Indonesia Berduka! Anggaran Penanganan Covid-19 Dicurangi

Selasa, 14 September 2021 – 19:15 WIB

Ilustrasi

Ilustrasi

JAKARTA, REQnews - Badan Pemeriksa Keuangan (BPK) menemukan potensi kecurangi dalam anggaran Penanganan Covid-19 dan Pemulihan Ekonomi Nasional (PC-PEN).

Temuan potensi ini berdasarkan hasil pemeriksaan komprehensif berbasis risiko pada kementerian dan lembaga yang terkait program PC-PEN.

"Bukti-bukti empiris memperlihatkan bahwa pengelolaan keuangan pada di sektor publik maupun di sektor swasta di masa krisis cenderung memperbesar risiko terkini fraud atau kecurangan dalam kondisi krisis," kata Ketua BPK Agung Firman Sampurna, Selasa 14 September 2021.

Agung menyebut, tekanan untuk melakukan kecurangan fraud disebabkan karena masalah finansial atau keserakahan, dan sikap yang menganggap korupsi bukan kesalahan, serta adanya kesempatan untuk merampok uang negara.

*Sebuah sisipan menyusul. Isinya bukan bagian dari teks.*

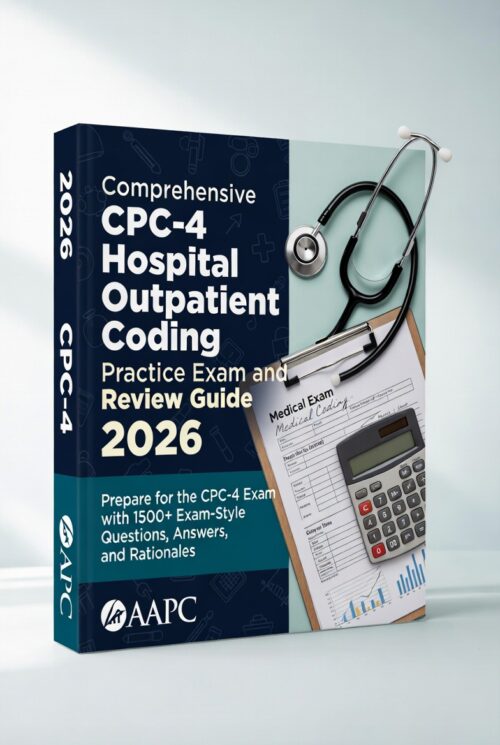 Comprehensive CPC-4 Hospital Outpatient Coding Practice Exam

Terlebih, pada tahun 2020 dalam alokasi anggaran PC-PEN pemerintah pusat, daerah, Bank Indonesia, Otoritas Jasa Keuangan, Lembaga Penjaminan Simpanan, Badan Usaha Milik Begara, Badan Usaha Milik Daerah, dan hibah atau sumbangan masyarakat dan dikelola pemerintah daerah sebesar Rp 933,33 triliun dan telah direalisasikan sebesar Rp 597,06 triliun atau sebesar 64 persen.

"Merespon peningkatan risiko tersebut, BPK memutuskan untuk melakukan pemeriksaan komprehensif berbasis risiko atau risk based comprehensif audit atas 241 objek pemeriksaan dengan 111 hasil pemeriksaan kinerja dan 130 hasil pemeriksaan dengan tujuan tertentu," ujar Agung.

Lebih lanjut, Agung mengungkap berdasarkan pemeriksaan tersebut, ada 2.170 temuan yang memuat 2.843 permasalahan senilai Rp 2,94 triliun yang meliputi 887 kelemahan sistem pengendalian intern, 715 ketidakpatuhan pada peraturan perundang-undangan dan 1.241 permasalahan terkait ekonomi keekonomian, efisiensi dan ekfektifitas.

BPK mengidentifikasi sejumlah masalah terkait identifikasi dan kodefikasi anggaran PC-PEN serta realisasinya. Kemudian pertanggungjawaban dan pelaporan PC-PEN, manajemen program dan kegiatan pandemi,.

Atas hal itu, Agung menyampaikan bahwa BPK telah memberikan rekomendasi berupa grand desain rencana kerja yang jelas dan terukur, menyusun identifikasi kebutuhan barang dan jasa dalam penanganan dan memprioritaskan penggunaan anggaran, dalam kebijakan serta insentif.